The average wage declined by over 20% in the past six years.
54% of Gazans are food insecure and over 75% are aid recipients.
35% of Gaza’s farmland and 85% of its fishing waters are totally or partially inaccessible due to Israeli military measures.
50-80 million litres of partially treated sewage are dumped in the sea each day.
Over 90% of the water from the Gaza aquifer is undrinkable.
85% of schools in Gaza run on double shifts.
About one-third of the items in the essential drug list are out of stock.
Since the beginning of 2010, 64 Palestinian civilians have been killed and 621 injured by Israeli forces; over 60% of casualties occurred in the access-restricted areas. Another 60 civilians were killed and 137 were injured in tunnel-related accidents.
1. The Gaza blockade (through the land, air and sea) is a denial of basic human rights in contravention of international law and amounts to collective punishment.

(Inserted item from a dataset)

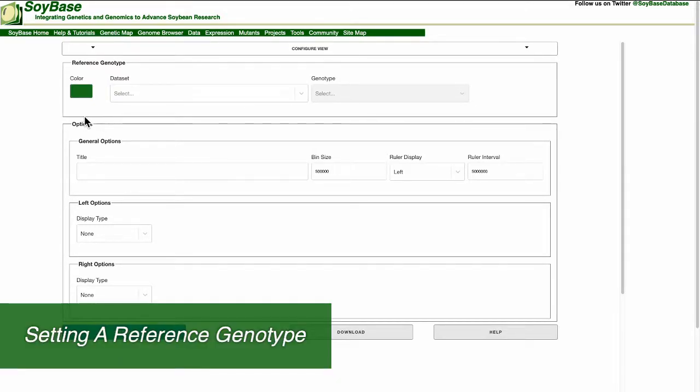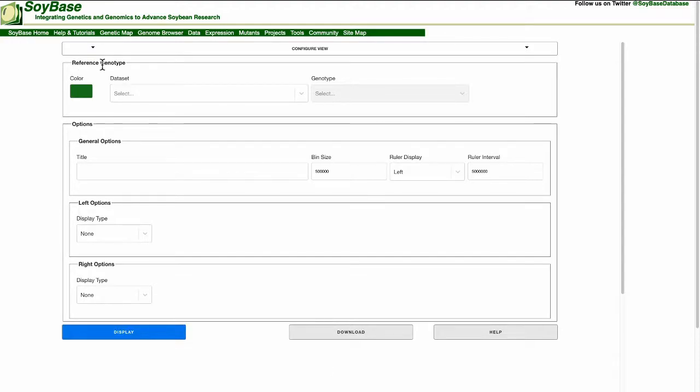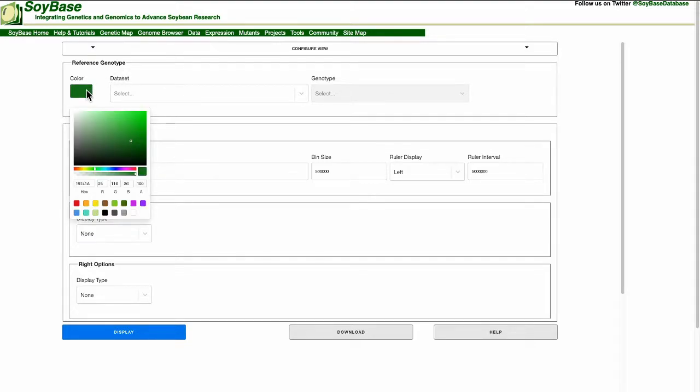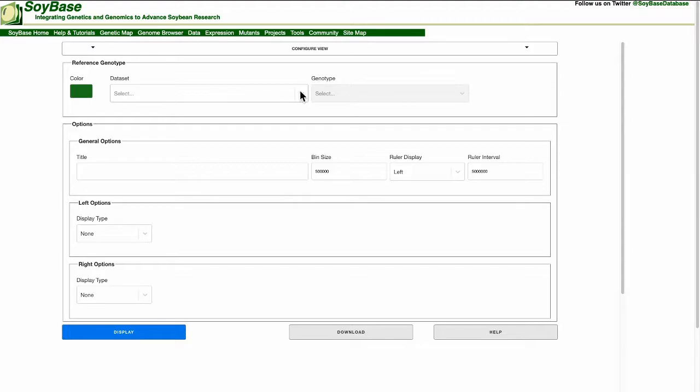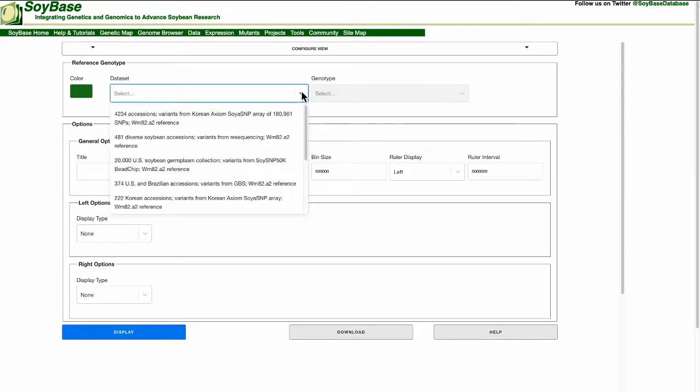Let's go through an example to show how GCivit works. The first step is to select a reference genotype. First we select a color to represent the reference genotype. In this tutorial I am going to use the default green color. Next we select a data set to select a line from.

It severely restricts imports and exports, as well as the movement of people in and out of Gaza, and access to agricultural land and fishing waters. Gazans are unable to provide for their families and the quality of infrastructure and vital services has deteriorated.
2. Despite measures taken to ease the blockade in June 2010 the humanitarian situation has remained extremely fragile. While imports have increased, they are still at less than 40% of the pre-2007 levels. Exports remain tightly restricted and are limited to agricultural produce to Europe, and Gazan businesses cannot access their traditional markets in Israel and the West Bank. Access to land and sea remains highly restricted.

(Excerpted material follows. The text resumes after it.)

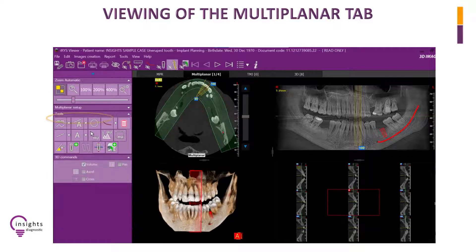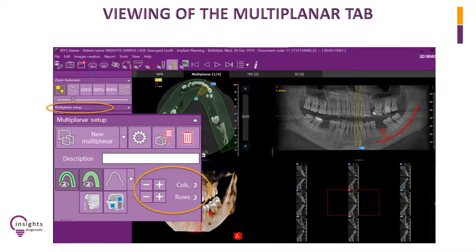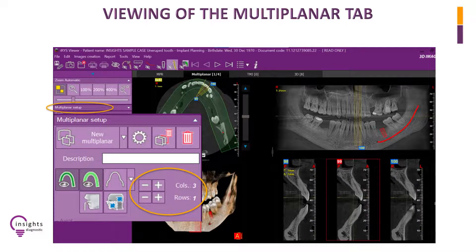The number of views of the cross-sectional slices can be managed by clicking on the Multiplanar Setup drop-down button. The plus buttons increase the number of columns or rows, while the minus buttons do the opposite. Try decreasing the rows to just one for a better view of the cross-sectional slice.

3. Only a minority of the projects aimed at improving housing and vital services in Gaza, submitted for approval by the international community, have been approved by the Israeli authorities. Implementation of approved projects is impeded by funding shortages affecting the operating agencies, as well as by the limited capacity at the single crossing for goods. The internal Palestinian divide is an additional factor undermining the quality of vital services.
4. Lack of respect for international humanitarian law has continued to result in civilian casualties, particularly during escalations in armed clashes and while enforcing access restrictions to border areas.
5. Thousands of people, many of them children, risk their lives smuggling goods through the tunnels under the border with Egypt every day. The thriving tunnel industry is a direct result of ongoing restrictions on the import of construction materials, the lack of employment opportunities, and the huge reconstruction needs in Gaza.
6. Gazans remain isolated and cut off from the rest of the occupied Palestinian territory. Entry into the West Bank, either via the Israeli Erez crossing or via Jordan, is prohibited for all Gazans. The volume of people allowed through the Egyptian Rafah Crossing remains limited, with hundreds denied passage each week.